When I set out to find the best peanut butter cookie recipe, I tested dozens—from favorite cookbooks to popular online versions. The standout was was Gwyneth Paltrow’s recipe from My Father’s Daughter. With a few small tweaks, it’s become my go-to. These cookies have a rich peanut buttery flavor, a sandy texture, a hint of crunch from chopped peanuts—and they’re loaded with Reese’s peanut butter chips.
I should mention: I’m not usually a fan of peanut butter chips, but they add great texture and flavor here. These are everything you love about an old-school peanut butter cookie, with a sweet-salty edge that makes them hard to resist.
For more peanutty goodness, try my peanut butter blossoms and peanut butter pie next! Or give my flourless peanut butter cookies a go—they’re naturally gluten-free and as delicious as any good peanut butter cookie.
“Wow Wow wow!!! My 7-year-old said it best after trying one: It’s like I’m having a party in my mouth eating this cookie.”
What You’ll Need To Make Peanut Butter Cookies

- Flour, baking powder, and baking soda: These give the cookies structure and lift. Just make sure your baking powder and soda are fresh—expired leaveners won’t do you any favors!
- Unsalted butter: Adds richness and flavor. I like using unsalted butter so I can better control the salt, but if you only have salted, just cut back on the added salt by ¼ teaspoon.
- Creamy peanut butter: Brings deep peanut flavor and helps create that sandy-chewy texture. For best results, don’t use natural peanut butter—it tends to separate. I like Skippy No Need to Stir best here. (And if you’ve got extra, make a batch of my buckeyes while you’re at it.)
- Light brown sugar: Sweetens the cookies and adds moisture, which helps with chew.
- Vanilla extract: Just a little boosts the overall flavor.
- Large egg: Binds everything together and gives the cookies structure.
- Peanut butter chips and salted peanuts: These boost the peanut flavor and add just the right mix of sweetness and crunch. I love using Virginia peanuts for baking (and snacking!)—they’re extra big and flavorful.
- Jump to the printable recipe for precise measurements
How to Make homemade peanut butter cookies
Step 1: Combine the dry ingredients. Whisk together the flour baking powder, baking soda, and salt.

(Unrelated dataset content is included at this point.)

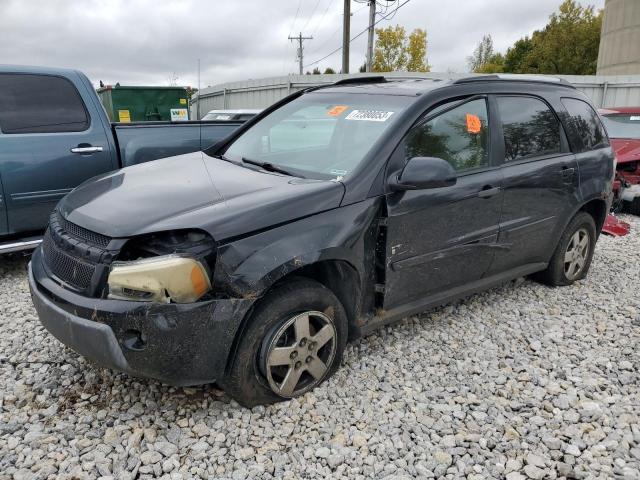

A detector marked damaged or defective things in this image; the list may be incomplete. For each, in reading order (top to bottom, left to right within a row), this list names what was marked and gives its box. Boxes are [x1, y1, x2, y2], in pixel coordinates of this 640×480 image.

Step 2: Mix the wet ingredients. Combine the butter, peanut butter, brown sugar, and vanilla extract in the bowl of an electric mixer fitted with the paddle attachment or beaters. Beat until the mixture is smooth and creamy. Scrape down the sides of the bowl and beat in the egg.

Step 3: Combine the two mixtures. Add the dry ingredients to the sugar and butter mixture. Mix, scraping the bowl as needed, until the dough is just combined.

Step 4: Add the chips and peanuts. Add the peanut butter chips and chopped peanuts and mix on low speed—that’s your cookie dough! Chill the dough for an hour so it’s easy to work with.

Step 5: Shape the cookies. Form the cookie dough into 1½-inch balls on parchment-lined baking sheets. Use a fork to make a criss-cross pattern and push the cookies down—this not only gives the cookies their classic look but also helps flatten them for even baking.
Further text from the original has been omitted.